Menurut dia, Islam mengajarkan, makna silaturahim secara khusus ialah mempertautkan atau menjadikan antarorang kembali bersaudara. Silaturahim berarti mencari persamaan di atas perbedaan. Apalagi, seluruh umat manusia berasal dari sumber yang sama, yakni sebagai keturunan Nabi Adam AS.
"Jadi, silaturahim bukan mempertautkan hubungan yang biasa. Silaturahim yang lebih mendalam menghubungkan persaudaraan yang terputus," kata Haedar nasir di Kantor PP Muhammadiyah beberapa waktu lalu.
Dia mengakui, alasan terputus hubungan persaudaraan bisa bermacam-macam. Bagaimanapun, meruncingnya perbedaan terjadi tidak lain karena dorongan hawa nafsu.
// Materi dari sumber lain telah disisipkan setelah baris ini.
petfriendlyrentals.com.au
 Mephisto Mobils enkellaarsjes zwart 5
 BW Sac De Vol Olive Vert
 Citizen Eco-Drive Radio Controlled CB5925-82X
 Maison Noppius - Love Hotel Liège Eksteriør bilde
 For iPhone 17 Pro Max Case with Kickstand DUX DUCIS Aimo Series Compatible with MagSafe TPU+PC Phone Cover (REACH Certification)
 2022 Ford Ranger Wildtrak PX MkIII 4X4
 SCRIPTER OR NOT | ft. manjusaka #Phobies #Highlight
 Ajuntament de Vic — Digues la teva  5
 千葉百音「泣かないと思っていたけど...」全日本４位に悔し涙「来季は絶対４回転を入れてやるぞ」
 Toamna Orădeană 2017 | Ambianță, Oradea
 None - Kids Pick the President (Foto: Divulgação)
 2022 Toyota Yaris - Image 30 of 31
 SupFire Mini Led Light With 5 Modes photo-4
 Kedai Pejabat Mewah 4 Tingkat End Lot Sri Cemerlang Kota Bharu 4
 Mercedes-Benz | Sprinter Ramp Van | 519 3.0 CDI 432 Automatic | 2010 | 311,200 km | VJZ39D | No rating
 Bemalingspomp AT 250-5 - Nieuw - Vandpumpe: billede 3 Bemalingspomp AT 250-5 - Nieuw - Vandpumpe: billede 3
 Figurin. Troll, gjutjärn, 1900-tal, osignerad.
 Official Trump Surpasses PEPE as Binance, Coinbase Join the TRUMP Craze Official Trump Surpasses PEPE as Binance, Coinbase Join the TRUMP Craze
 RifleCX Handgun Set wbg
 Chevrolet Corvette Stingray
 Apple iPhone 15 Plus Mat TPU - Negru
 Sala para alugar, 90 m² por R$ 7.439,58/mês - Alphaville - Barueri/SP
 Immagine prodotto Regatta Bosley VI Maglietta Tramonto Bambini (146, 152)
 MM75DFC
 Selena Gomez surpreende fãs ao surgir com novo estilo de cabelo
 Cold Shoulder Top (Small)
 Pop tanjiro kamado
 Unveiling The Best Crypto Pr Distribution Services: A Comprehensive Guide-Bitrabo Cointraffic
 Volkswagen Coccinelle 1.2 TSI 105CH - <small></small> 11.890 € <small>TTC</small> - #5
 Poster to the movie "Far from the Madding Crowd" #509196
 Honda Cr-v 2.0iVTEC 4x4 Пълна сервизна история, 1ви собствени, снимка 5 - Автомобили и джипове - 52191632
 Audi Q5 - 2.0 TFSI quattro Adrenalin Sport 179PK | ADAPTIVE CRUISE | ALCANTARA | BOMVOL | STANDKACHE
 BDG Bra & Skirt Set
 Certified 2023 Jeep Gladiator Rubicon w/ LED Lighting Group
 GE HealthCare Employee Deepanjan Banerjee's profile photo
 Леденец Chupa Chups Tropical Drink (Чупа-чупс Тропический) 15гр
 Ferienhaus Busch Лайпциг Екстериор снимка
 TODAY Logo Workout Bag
Artinya, masing-masing kubu cenderung menjadikan hawa nafsu itu pusat dalam diri.
Dalam kehidupan sehari-hari, banyak orang yang cenderung berlebihan. Misalnya, seseorang tidak suka dengan orang lain. Ketidaksukaannya itu sedemikian ekstrem sehingga menganggap apa-apa yang dilakukan orang lain itu salah.
Sebaliknya, ada pula kecenderungan terlalu fanatik dalam menyukai seseorang. Apa-apa yang dilakukan orang itu menjadi benar di matanya.
Karena itu, Haedar menekankan, silaturahim adalah perkara yang tidak mudah. Apalagi dalam konteks kebangsaan. Menurut dia, saat ini ada banyak hal yang tercerabut dari tubuh kolektif bangsa Indonesia sehingga saat terjadi konflik sulit kembali pulih.
"Sehingga, penting menautkan kembali hubungan-hubungan dalam kehidupan, dan mewujudkan itu kekuatan spiritual tetap penting dalam kehidupan berbangsa," ujar Haedar.